Autre catégorie notable : les solutions de migration vers le Cloud, utilisées par 40 % des entreprises. Le Cloud apporte une flexibilité accrue et facilite une meilleure gestion des ressources informatiques, ce qui est indispensable pour s’adapter rapidement aux évolutions du marché. Enfin, les outils visant à améliorer la production et l’efficacité logistique sont adoptés par 39% des entreprises. En optimisant les processus de production et de logistique, ils permettent d’augmenter l’efficacité opérationnelle tout en réduisant les coûts.

Comment les entreprises utilisent-elles l’intelligence artificielle et la GenAI ?

Virginie : Le Digital Radar confirme la tendance générale de la généralisation des outils d’IA au sein des entreprises. Près d’une entreprise sur deux déclare avoir développé des outils d’intelligence artificielle au sein de leur structure. Il reste cependant encore beaucoup à faire puisque 23% des entreprises citent la mise en place de plus d’outils d’IA comme leur principal enjeu.

Ce qui ressort de notre baromètre est que l’intelligence artificielle et la GenAI jouent aujourd’hui un rôle clé dans deux domaines majeurs : le développement des compétences des collaborateur·rice·s et l’amélioration de l’expérience client.

Sur le plan des compétences, comme je l’ai souligné plus haut, près de la moitié des entreprises s’appuie sur des outils comme les plateformes de formation en ligne et de partage de connaissances pour faciliter la formation continue.

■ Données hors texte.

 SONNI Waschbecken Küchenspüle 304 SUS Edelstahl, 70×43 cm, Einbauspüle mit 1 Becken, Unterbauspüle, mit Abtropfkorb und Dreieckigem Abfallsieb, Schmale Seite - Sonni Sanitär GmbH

Ces solutions, souvent boostées par l’IA, permettent d’adapter les contenus aux besoins individuels et d’encourager l’apprentissage à son rythme. De plus, en automatisant certaines tâches et en optimisant les processus, l’IA et la GenAI ont contribué à améliorer la productivité des équipes. Elles libèrent ainsi du temps pour des activités à plus forte valeur ajoutée.

Du côté de l’expérience client, 47% des entreprises utilisent des outils dédiés à la communication et à l’engagement client, comme les espaces clients, les programmes de fidélité ou les CRM. Ces technologies permettent de personnaliser les interactions, d’offrir des services plus fluides et de renforcer la satisfaction. Par ailleurs, l’IA et la GenAI ont eu un impact direct sur l’expérience client selon 95% des CDO répondants en améliorant la qualité des services proposés, notamment grâce à des analyses prédictives et des recommandations adaptées aux besoins.

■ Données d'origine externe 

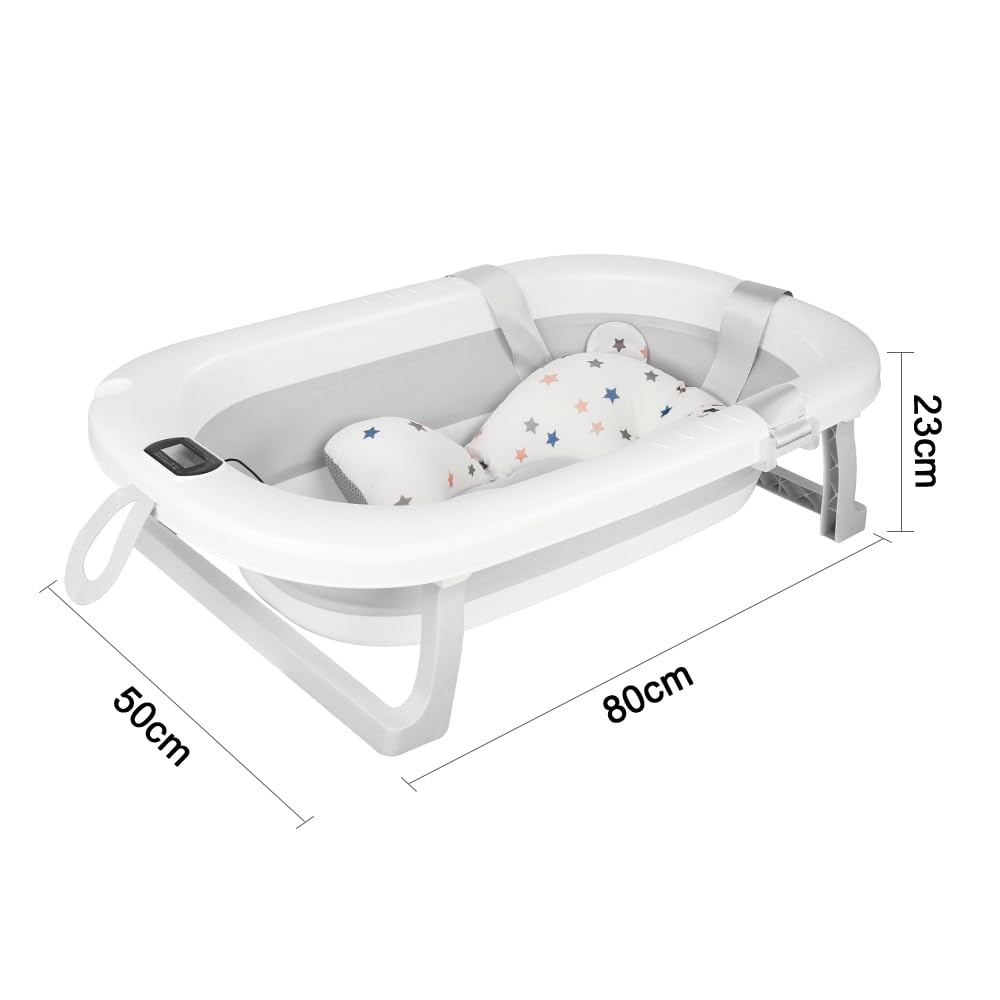 Baignoire Pliable Bébé avec Thermomètre à eau 80x50x23 Gris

Ces chiffres montrent bien que l’IA et la GenAI ne se contentent pas d’apporter des gains d’efficacité : elles permettent une personnalisation accrue, une meilleure satisfaction client et un accompagnement continu des équipes dans le développement de leurs compétences. Cela en fait des outils puissants pour accélérer la transformation digitale des entreprises.

Cette étude dessine un portrait précis de l’état de la transformation digitale en France : des entreprises qui avancent à grands pas, conscientes des opportunités offertes par le digital, mais encore confrontées à des défis majeurs. De la cybersécurité à l’intégration des expertises en IA et data, en passant par le déploiement de l’agilité à grande échelle, les leviers de progrès sont identifiés.

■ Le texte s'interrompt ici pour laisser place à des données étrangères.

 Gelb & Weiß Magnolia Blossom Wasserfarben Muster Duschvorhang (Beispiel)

Cependant, ce qui ressort avant tout, c’est une prise de conscience collective : la transformation digitale n’est pas qu’une affaire de technologies. Elle repose sur une combinaison équilibrée entre innovation, collaboration et alignement organisationnel. C’est cette alliance qui permet de transformer une vision en actions concrètes et des initiatives isolées en une dynamique globale, durable et performante.

Chez ekino, nous sommes convaincu·e·s que c’est en travaillant ensemble, en croisant nos expertises en tech, design, data et consulting, que nous pourrons relever ces défis aux côtés de nos clients. Ce Digital Radar n’est pas qu’un outil d’évaluation, c’est une invitation à l’action : agir pour que le digital soit non seulement un vecteur de performance, mais aussi un levier durable au service des entreprises et de leurs écosystèmes.